For me, at the age of 50, Before Sunrise had a truth that I didn’t see before, but it wasn’t the truth about love or romance or life, even if that’s exactly what young Céline and Jesse think they’re navigating during their night in Vienna. No longer needing to make it clear to myself that I’m not that young and that silly and that full of myself anymore, I could see how well Linklater and his actors are at depicting exactly that age, its convictions, its insecurities, it’s silliness, and yes, it’s excitement. Jesse and Céline don’t know what’s ahead of them: we do, or at least those of us who have seen the whole trilogy – but even then, these are just snapshots in time, and there is truth – and, yes, beauty – in this particular snapshot.
Would I say I loved Before Sunrise on rewatching it? No, certainly not. I think I lack a certain longing to be that young and silly and full of myself again, and I was never a Jesse or a Céline. I still don’t relate to the extent that I think you need to in order to enjoy the film fully. I would have liked there to be more fragility and uncertainty, but also, more friction between the characters: Jesse, while undoubtedly attractive (I mean, he’s played by a young Ethan Hawke!), is quite an ass at times, and while Céline brings it up, I would have liked her to call him out more. And there’s also the simple fact that I think the film relies a lot on viewers finding both Hawke and Delpy attractive – and I’m afraid that’s not entirely true in my case. (As much as I think Delpy is very good in this, I do find her a bit boring – which is an entirely personal thing and no criticism of her as an actor.)

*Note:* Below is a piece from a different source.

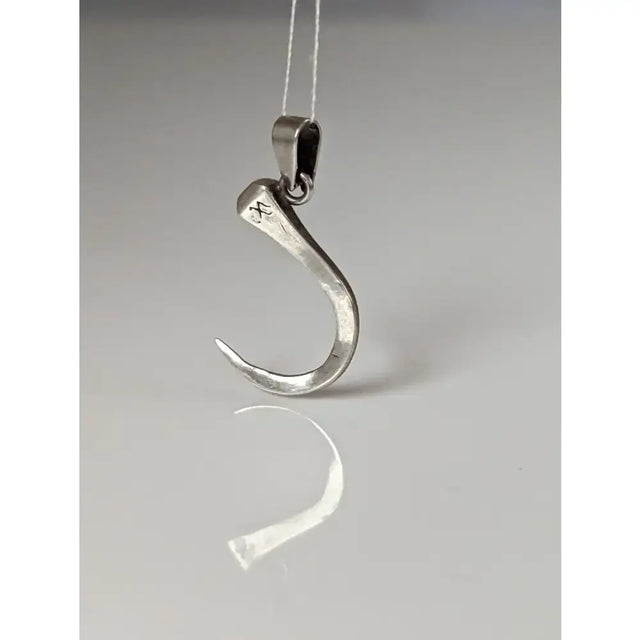 Silver steed curved horseshoe nail silver pendant with hammered texture and rustic engraved mark in silver tone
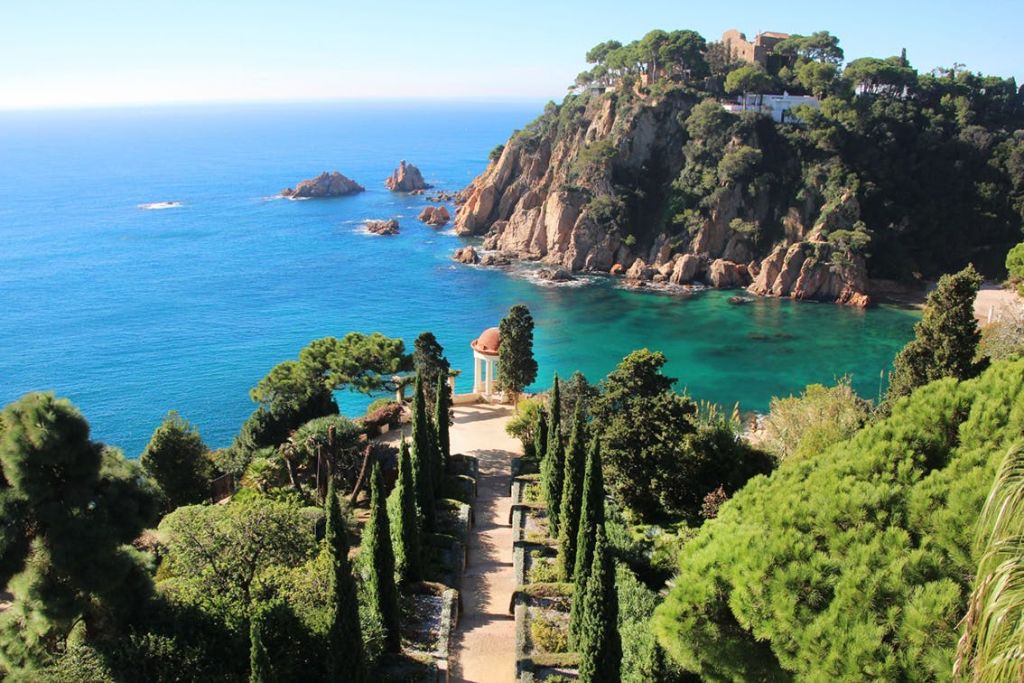 절벽, 청록색 물, 작은 정자로 이어지는 편백나무가 늘어선 정원길이 있는 지중해 해안 풍경.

But in many ways it doesn’t matter that I came out having changed my opinion on the film: what matters is that the film I saw a few nights ago wasn’t the same film I saw twenty years ago, because I’m not the same person. (Ironically, now I’m the one spouting truisms as if they were deep, important truths. Perhaps I’m more of a Jessie than I thought I was.) Revisiting films also means revisiting ourselves: we remember what we thought and felt about a movie, and in the process we remember ourselves as much as the film. Sometimes the act of rewatching a film reminds us of the ways in which we have changed, sometimes it’s the ways in which we’re still the same person. Which gives me more respect for Linklater and his various attempts of capturing exactly this in film, whether it’s the Before trilogy or Boyhood or his audacious, insane project of making a movie version of Stephen Sondheim’s Merrily We Roll Along, which is set to finish filming some time around 2040. There is a beauty and a magic to revisiting characters, and revisiting ourselves, every few years.